Wikimedia Commons is a “media file repository” of public domain and freely-licensed educational media content, including images, sounds and video clips. Launched on 7 September 2004 by the Wikimedia Foundation, Wikimedia Commons uses the “wiki-technology” that is the same technology used in Wikipedia. Wikmedia Commons also aggregates files from other projects, including Wikipedia, Wikibooks, Wikivoyage, Wikispecies, Wikisource, and Wikinews. As of October 2015, there are more than 28.7 million files in more than 120,000 collections. Users can conduct a keyword search or browse the content by topic, type, author, location, license and source.
Since 2013, British Library released more than 1 million images to Flickr Commons. The images were obtained from the Library’s digitised collection of 65,000 books of the 17th, 18th and 19th century. The release of these images indicates the Library’s desire “to improve knowledge of and about them, to enable novel and unexpected ways of using them, and to begin working with researchers to explore and interpret large scale digital collections”. The images are arranged by different themes, such as book covers, illustrated letters, maps, flora and children book illustrations.

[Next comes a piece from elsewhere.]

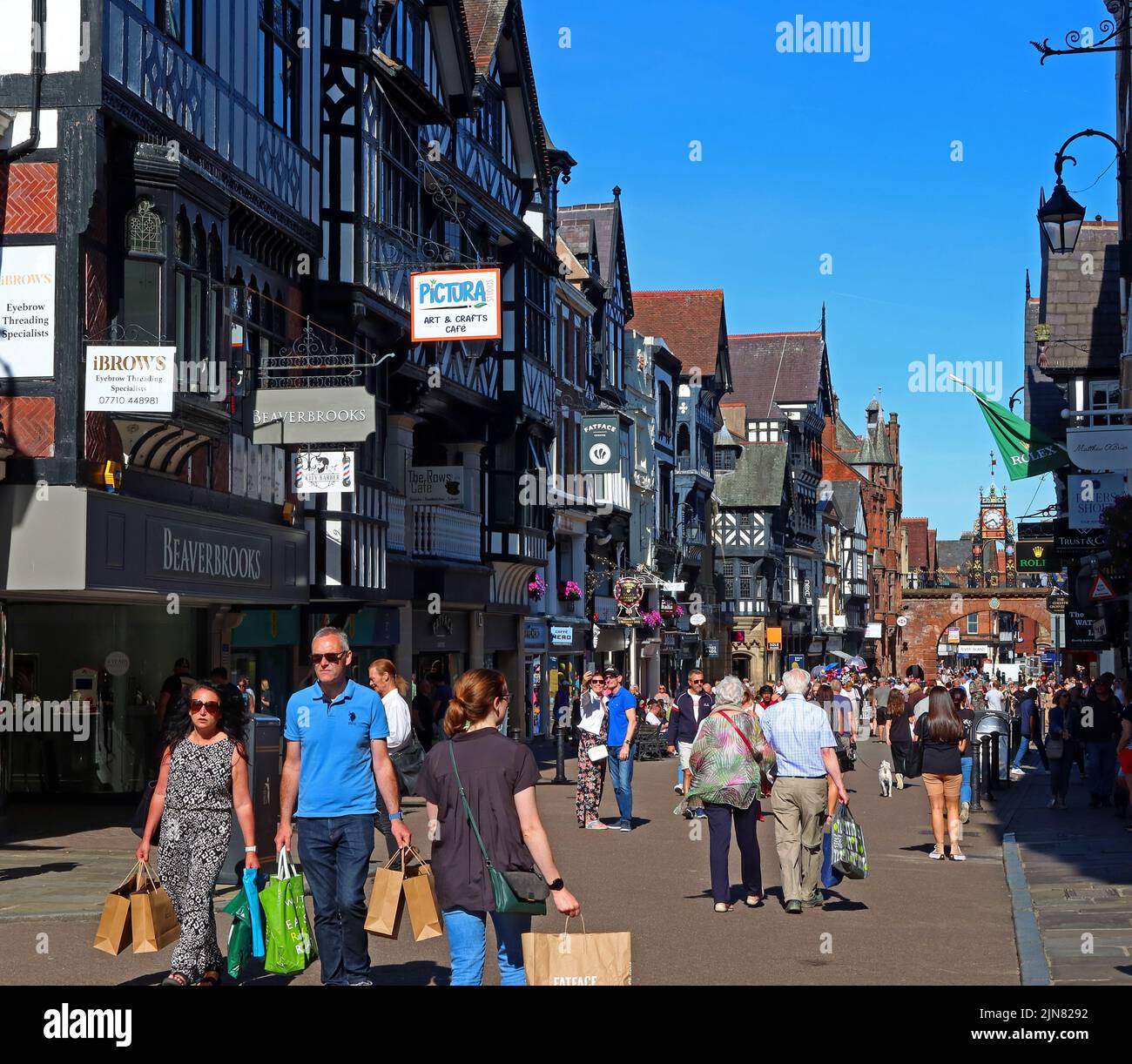 Geschäfte, Reihen und Gebäude, Architektur der Watergate Street, Chester, Cheshire, England, Großbritannien, CH1 2LE, im Sommer Stockfoto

Vintage Printable provides images that are believed to be on public domain or out of copyright. Most of the images are focused on vintage naturalist or scientific illustrations. Users can search or browse by different categories.

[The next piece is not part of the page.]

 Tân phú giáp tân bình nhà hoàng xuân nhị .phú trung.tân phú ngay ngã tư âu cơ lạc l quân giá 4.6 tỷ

Developed by The Open Knowledge Foundation, The Public Domain Review is “an online journal and not-for-profit project dedicated to promoting and celebrating the public domain in all its richness and variety”, as according to the website. Images in their collections are derived from a wide range of online archives, that are on public domain. The images are arranged by topics, where users can search or browse by time, style, genre, type, content and rights.
Started more than 30 years ago by Cartography Associates, the David Rumsey Map Collection “focuses on rare 16th through 20th century maps of North and South America, as well as maps of the World, Asia, Africa, Europe, and Oceania”. The collection includes “atlases, wall maps, globes, school geographies, pocket maps, books of exploration, maritime charts, and a variety of cartographic materials including pocket, wall, children’s, and manuscript maps”. Their digital collection contains more than 61,000 images, where users can search or browse by types, locations and periods. The website also provides many ways to view the map collections, such as Luna Browser, Georeferencer, Google Earth, etc. Learn more about the evolution of the physical collection into the online collection here.
The NYPL Digital Gallery provides access to over 800,000 images digitized from the library’s collections, which spans across different mediums, subjects and time periods. The collections include illuminated manuscripts, historical maps, vintage posters, rare prints and photographs. The collections can also be browse through different categories – Arts & Literature, Cities & Buildings, Culture & Society, History & Geography, Industry & Technology, Nature & Science, and Printing & Graphics.